Mesenteric Ischaemia/Infarction Flashcards
Aetiology of Mesenteric Ischaemia.
A lack of blood flow through the mesenteric vessels supplying the intestines.
Embryological Classification of the Gut (3).
- FOREGUT - Stomach, Biliary System, Liver, Pancreas, Spleen and Part of the Duodenum.
- MIDGUT - Distal Duodenum to the First Half of the Transverse Colon.
- HINDGUT - Second Half of the Transverse Colon to the Rectum.

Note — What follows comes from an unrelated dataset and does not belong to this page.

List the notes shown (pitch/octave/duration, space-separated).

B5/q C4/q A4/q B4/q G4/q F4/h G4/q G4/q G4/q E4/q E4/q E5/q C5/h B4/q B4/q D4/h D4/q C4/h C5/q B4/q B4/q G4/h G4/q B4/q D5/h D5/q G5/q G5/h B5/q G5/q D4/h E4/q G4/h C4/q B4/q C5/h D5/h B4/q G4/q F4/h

Arterial Supply of the Gut (3).
- FOREGUT - Coeliac Artery.
- MIDGUT - Superior Mesenteric Artery.
- HINDGUT - Inferior Mesenteric Artery.
* all are branches of the abdominal aorta.
Types of Lower GI Ischaemia (3).
- Acute Mesenteric Ischaemia.
- Chronic Mesenteric Ischaemia.
- Ischaemic Colitis.
What is Acute Mesenteric Ischaemia?
Severe life-threatening general surgical emergency - sudden-onset intestinal hypo perfusion.
Aetiology of Acute Mesenteric Ischaemia.
Rapid blockage in blood flow through the Superior Mesenteric Artery - usually a thrombus (or embolus).
Risk Factors of Acute Mesenteric Ischaemia (4).
- AF - Thrombus forms in Left Atrium and mobilises down aorta to SMA.
- Emboli - Infective Endocarditis, AAA.
- Atherosclerosis.
- Coagulopathy.
Clinical Presentation of Acute Mesenteric Ischaemia (3).
- Acute Non-Specific Abdominal Pain that is DISPROPORTIONATE to Examination Findings.
- Shock, Peritonitis and Sepsi.
- PR Bleeding - Advanced Ischaemia.
Investigations of Acute Mesenteric Ischaemia (2).
- Contrast CT - Assess Bowel and Blood Supply.
2. Bloods - Metabolic Acidosis and Raised Lactate.
Management of Acute Mesenteric Ischaemia (2).
IMMEDIATE LAPAROTOMY :
- Remove Necrotic Bowel.
- Remove/Bypass Thrombus in Blood Vessel (Open Surgery/Endovascular Surgery).
Prognosis of Acute Mesenteric Ischaemia.
High mortality (over 50%) - ischaemia will result in necrosis and perforation.
Aetiology of Chronic Mesenteric Ischaemia.
Narrowing of mesenteric blood vessels by atherosclerosis; intestinal angina.
Clinical Presentation of Chronic Mesenteric Ischaemia (3).
- Intermittent central colicky (starting around 30 minutes after eating, lasting 1-2 hours) abdominal pain.
- Weight Loss (food avoidance - pain).
- Abdominal Bruit (Auscultation).
Risk Factors of Chronic Mesenteric Ischaemia.
Same as any other cardiovascular disease.
Investigation of Chronic Mesenteric Ischaemia.
CT Angiography - relatively rare clinical diagnosis.